Oh whoops forgot "relatively prime" Anyways, aren't both of the inequalities true by the condition "$f(mn) = f(m)f(n)$"? 216>210 and 273>270, and our function is "non-decreasing". Also, all of the pairs are "relatively prime".

Also $f(8).f(19) \ge f(15).f(10)$ and $f(15).f(13)\ge f(19).f(10) $.

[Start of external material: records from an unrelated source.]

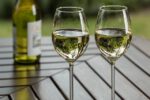 Die besten Weißweine der Welt zu Hause genießen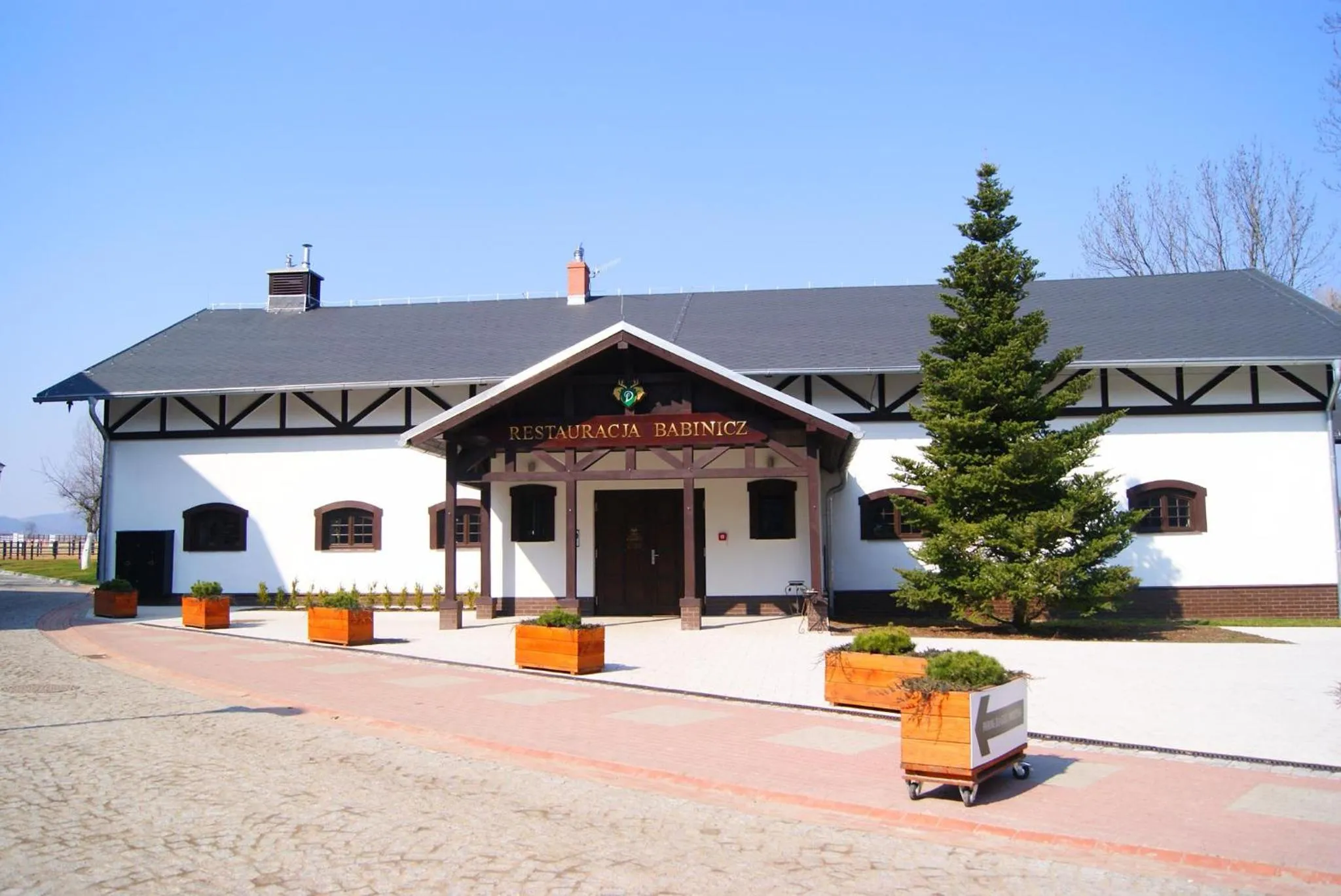 Restaurant/places to eat in Dworzysko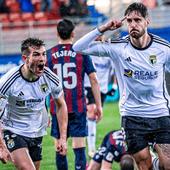 El Burgos CF gana con justicia al Eibar y se mete en play-off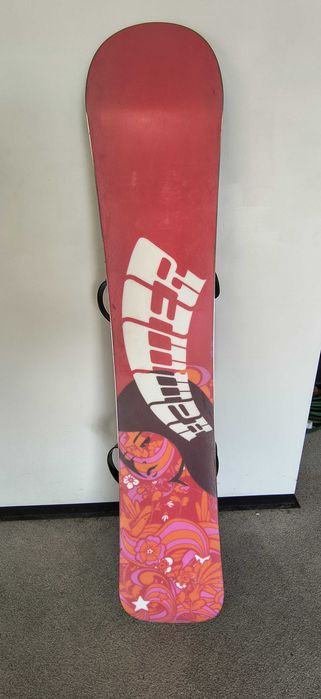 Deska snowboardowa Hammer 148cm + wiązania Roxy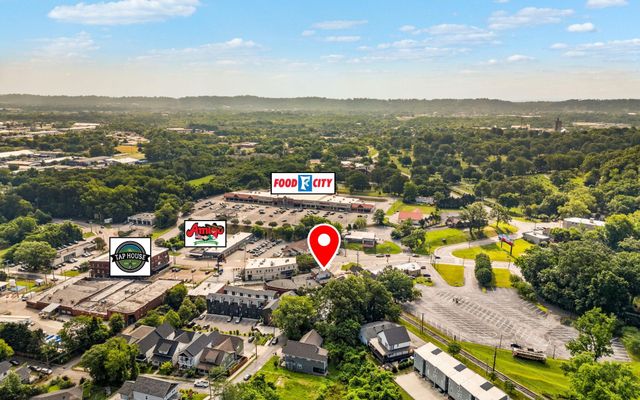 3915 Saint Elmo Avenue, Chattanooga, TN 37409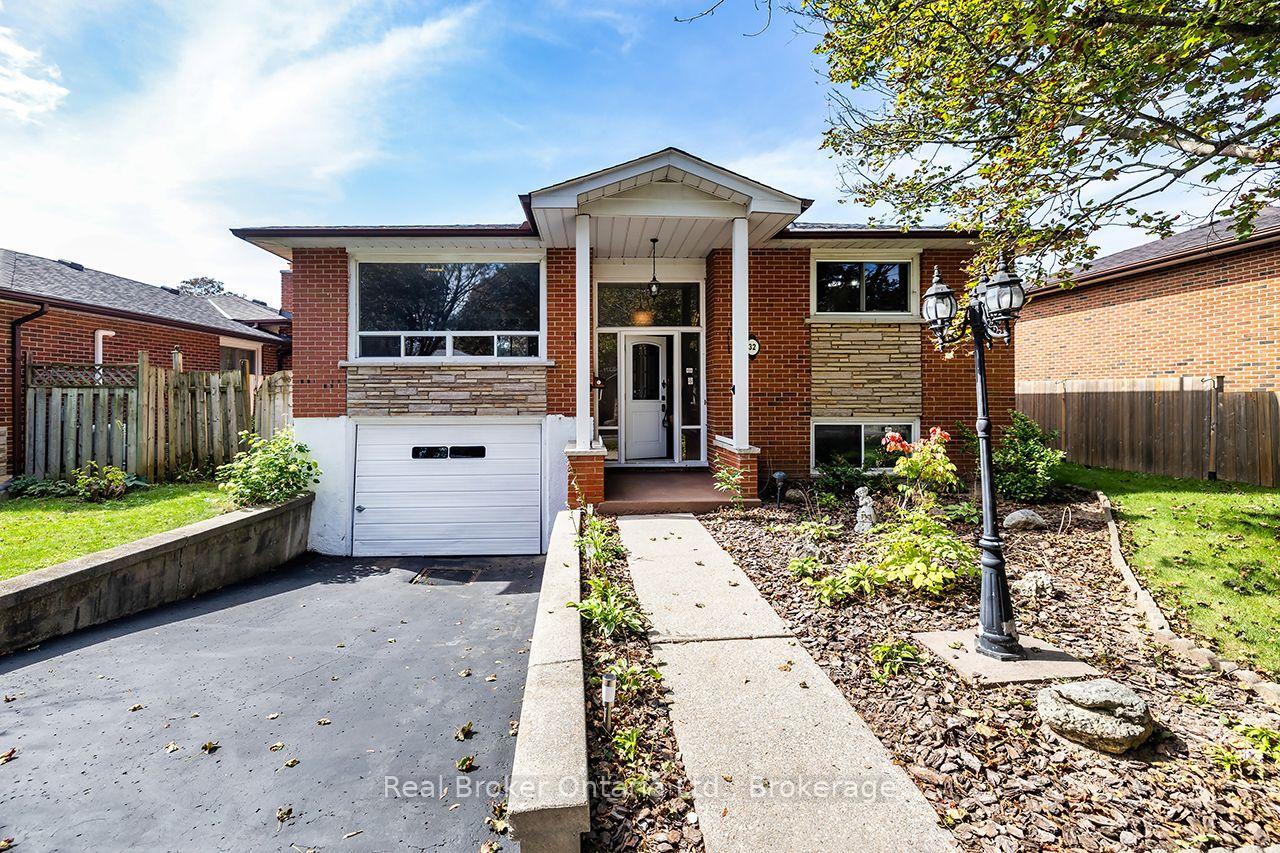 32-strike-avenue-clarington-ontario-e13802352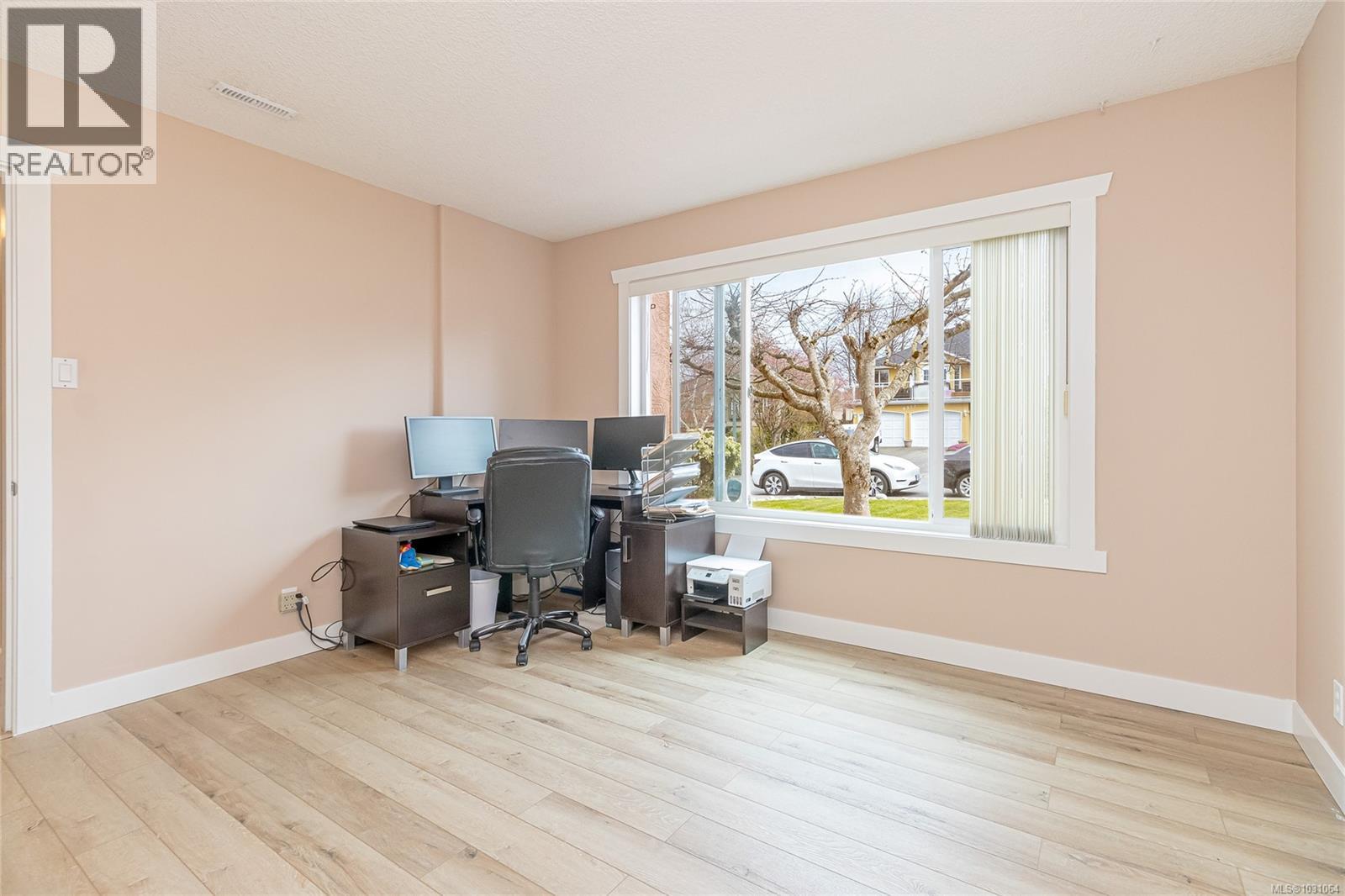 6375 LASALLE RD - 20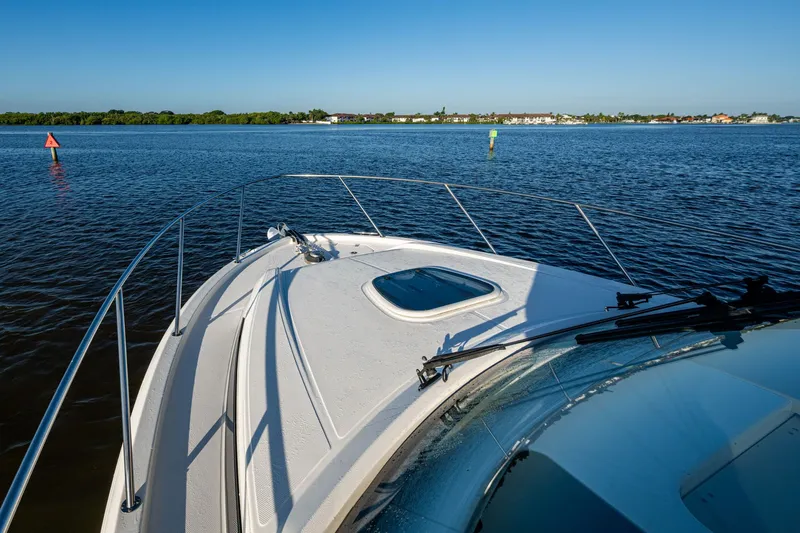  Yacht Photos Pics 2023 BOSTON WHALER 325 CONQUEST - Image 45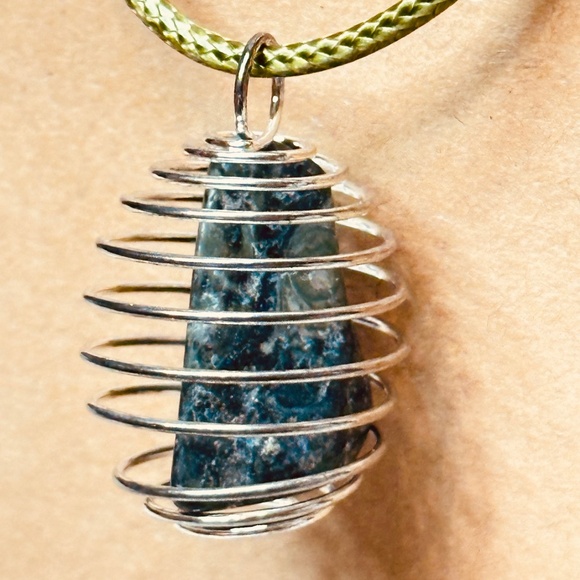 925 Sterling Silver Plated & Kambamba Stone/Crystal Spiral Wire Wrapped Cage New - Picture 5 of 9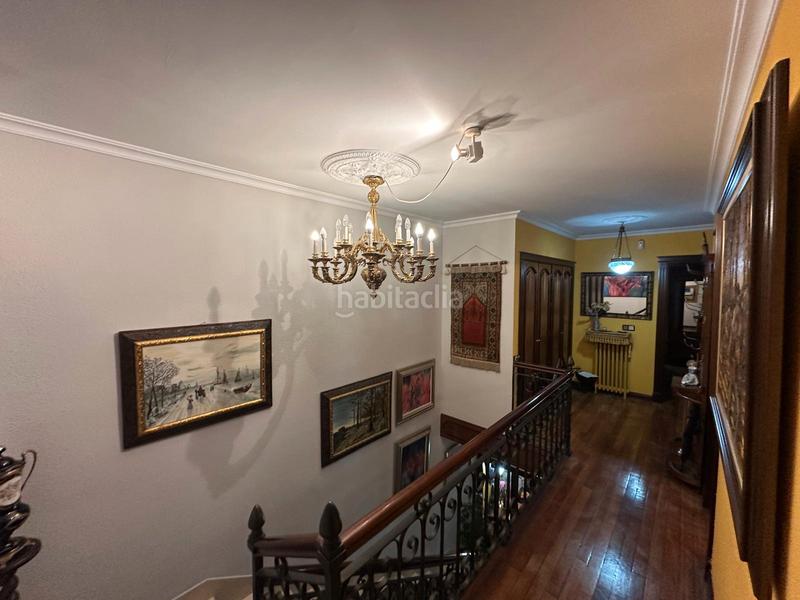 Foto 1275e791-6e90-4937-8e0a-44bbc3e5f556. Maison jumelée avec parking dans Los Vadillos - R. Sanitaria - Pozanos Burgos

Sorry i didn't see that$15$and $10$ are coprime. Though i have found a solution. $f(9).f(8) \ge f(10).f(7) $ and $f(13).f(7) \ge f(10).f(9) $

We want to have 2 inequalities of the form $f(8)f(x) \geq f(y)f(10)$ $f(y)f(13) \geq f(x)f(10)$ Which, when multiplied, gives the desired answer. Thus we require $8x>10y$ and $13y>10x \implies 26y>20x>25y$. Additionally, $(x,8), (x,10), (y,10), (y,13)$ are all relatively prime. These suffice as $f$ is a non-decreasing function. Therefore $x, y$ are odd. Let $n$ be the remainder when $25y$ is divided by $20$. Then, $n+y>20$ for an $x$ to exist. Note $25y \equiv n \pmod {20}$ means that $n=5,15$. Case 1: $n=5 \implies y \equiv 1 \pmod 4 \implies y \geq 17$. Case 2: $n=15 \implies y \equiv 3 \pmod 4 \implies y \geq 7$. 7 satisfies the conditions, so we use $f(8)f(9) \geq f(7)f(10)$ $f(7)f(13) \geq f(9)f(10)$ giving the desired answer. Note that, of course, there are an infinite number of $y$ such that this works. But 7 is the smallest such $y$. Indeed, 21 is the smallest working $y$ for Case 1, as in Sayan's answer.